--- Supplied material Enclosed Below ---
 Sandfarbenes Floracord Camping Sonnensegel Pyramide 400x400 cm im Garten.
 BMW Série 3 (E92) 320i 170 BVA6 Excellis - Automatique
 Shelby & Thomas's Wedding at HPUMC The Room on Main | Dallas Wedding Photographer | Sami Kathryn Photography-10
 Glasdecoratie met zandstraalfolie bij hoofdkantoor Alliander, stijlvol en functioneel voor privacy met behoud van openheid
--- End of Enclosed Supplied material ---
--- Supplied material Enclosed Below ---
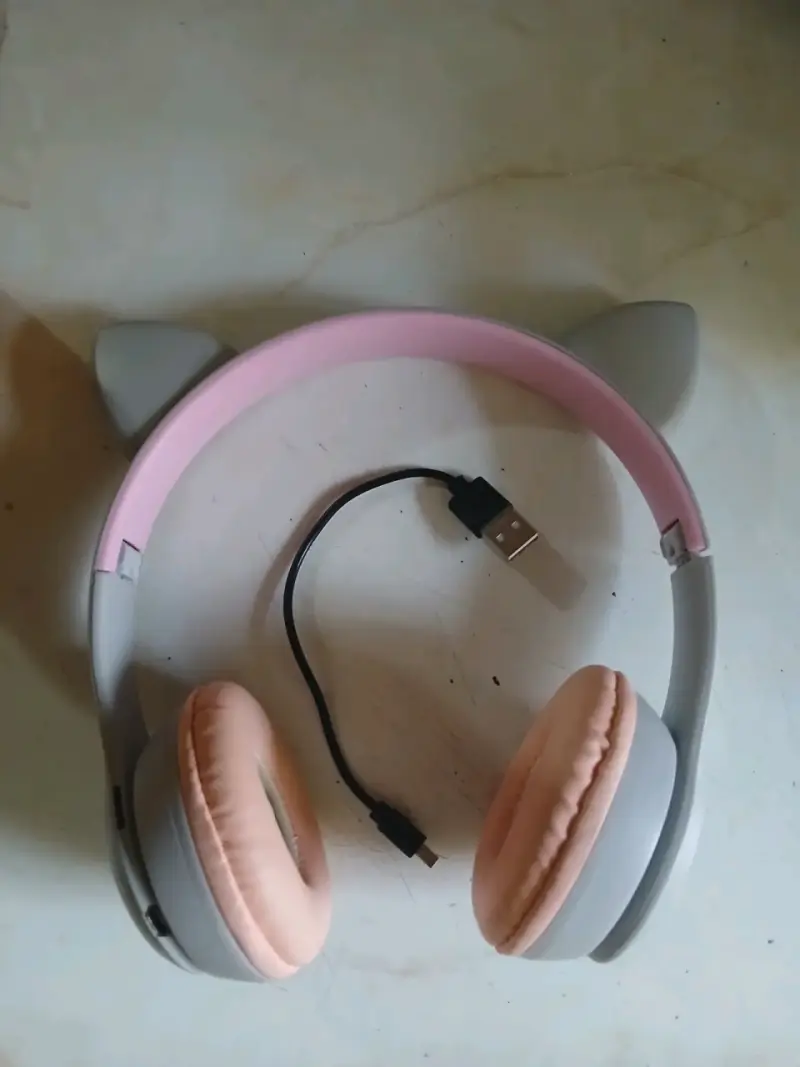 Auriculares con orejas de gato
--- End of Enclosed Supplied material ---
--- Supplied material Enclosed Below ---
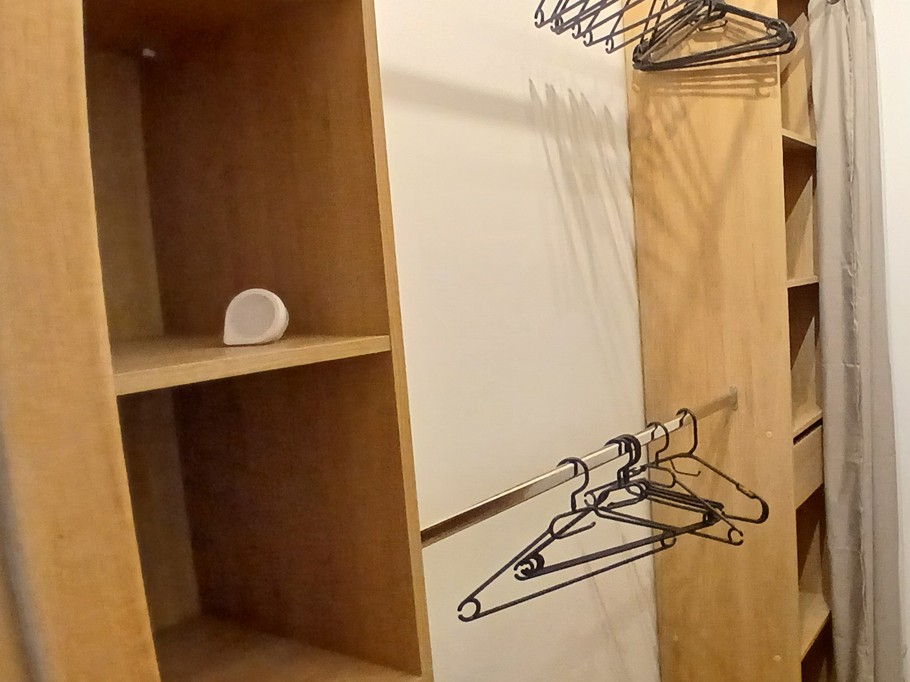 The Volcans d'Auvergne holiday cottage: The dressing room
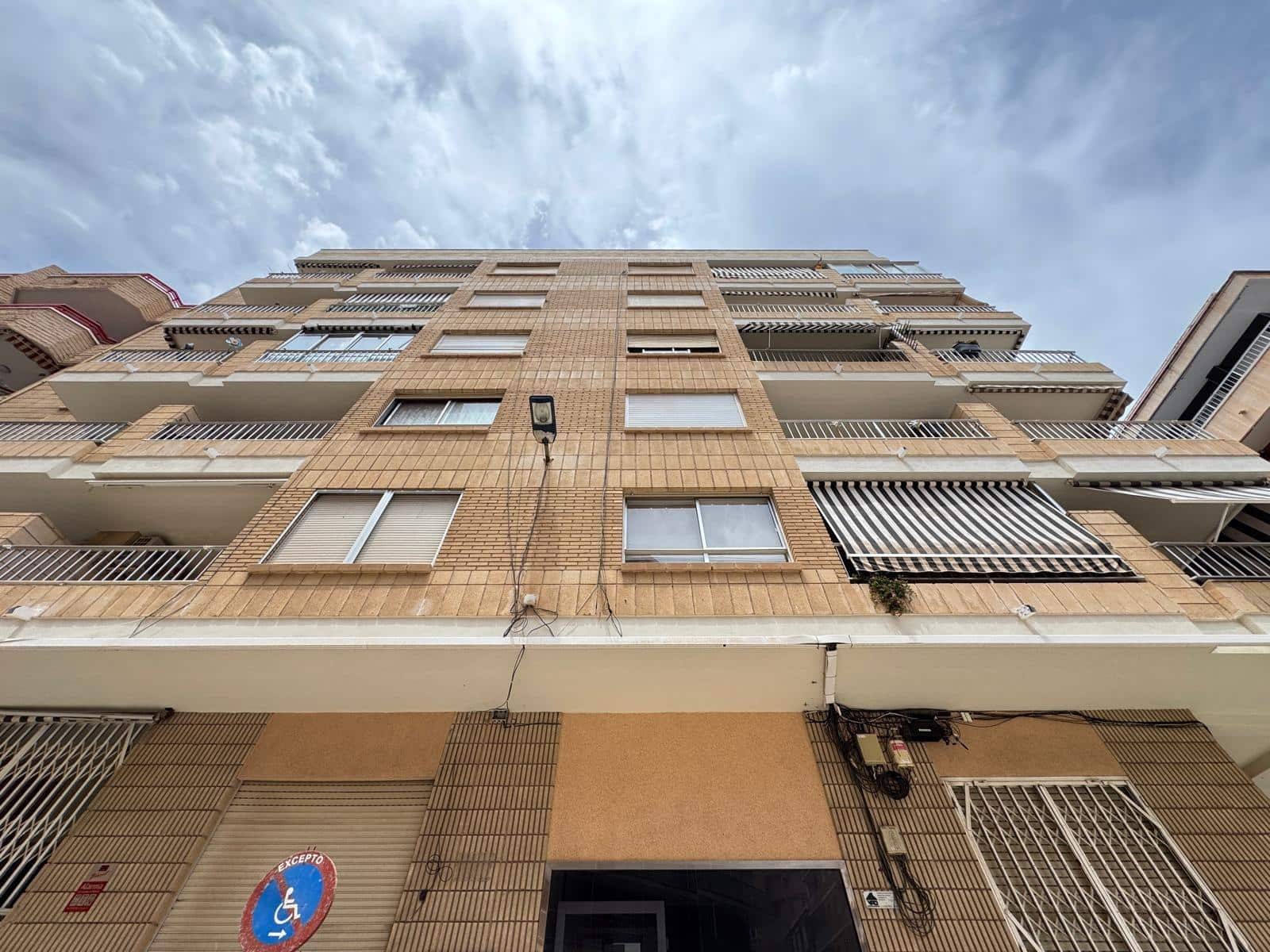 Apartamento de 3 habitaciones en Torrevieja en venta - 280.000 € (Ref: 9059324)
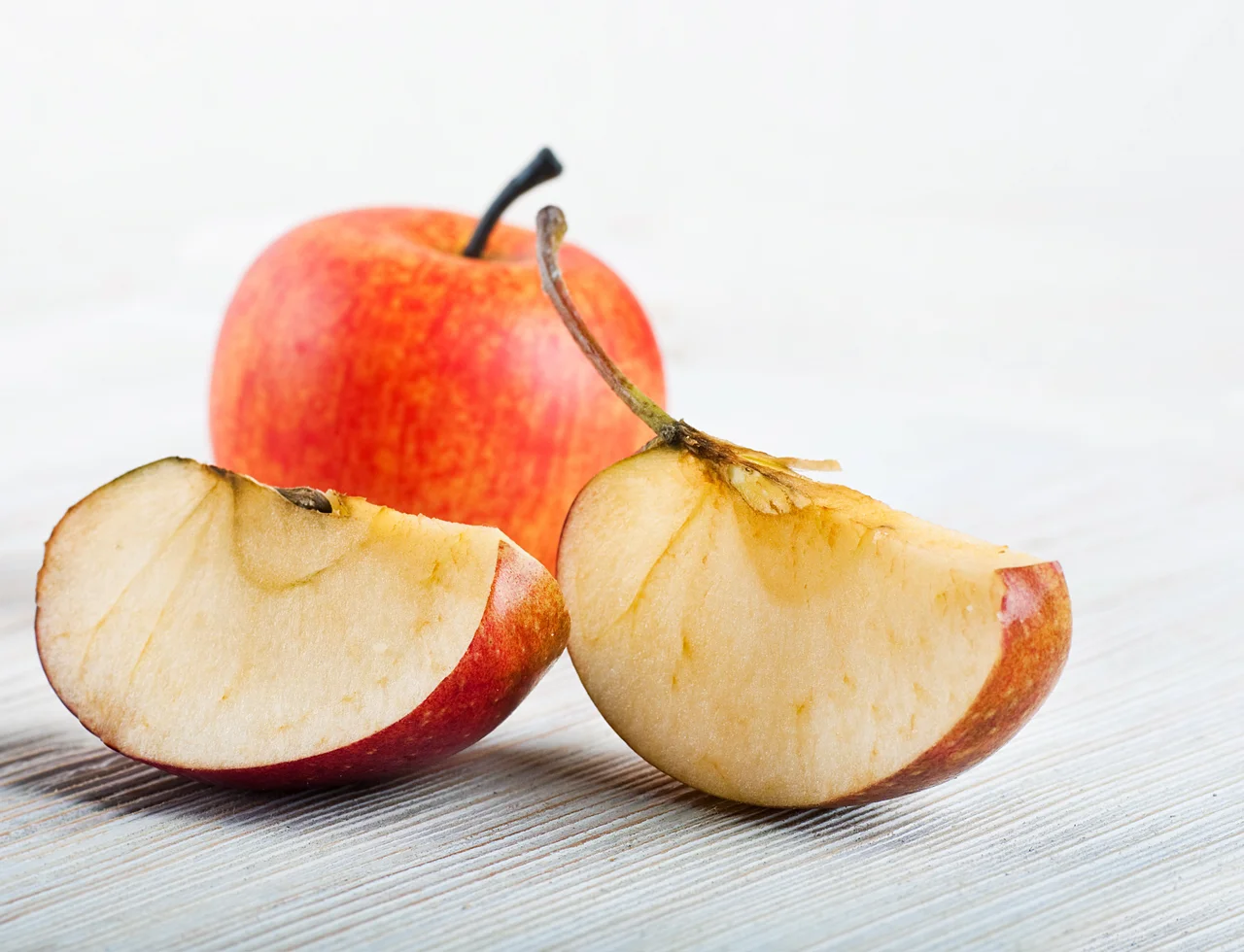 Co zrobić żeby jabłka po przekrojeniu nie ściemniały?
--- End of Enclosed Supplied material ---
**Goal of the exercise**. Copy out precisely the lines from the line with "Shelby & Thomas's" to the line with "Glasdecoratie met zandstraalfolie" in the material above, including those two lines and omitting all the rest.

**Worked solution**.
 Shelby & Thomas's Wedding at HPUMC The Room on Main | Dallas Wedding Photographer | Sami Kathryn Photography-10
 Glasdecoratie met zandstraalfolie bij hoofdkantoor Alliander, stijlvol en functioneel voor privacy met behoud van openheid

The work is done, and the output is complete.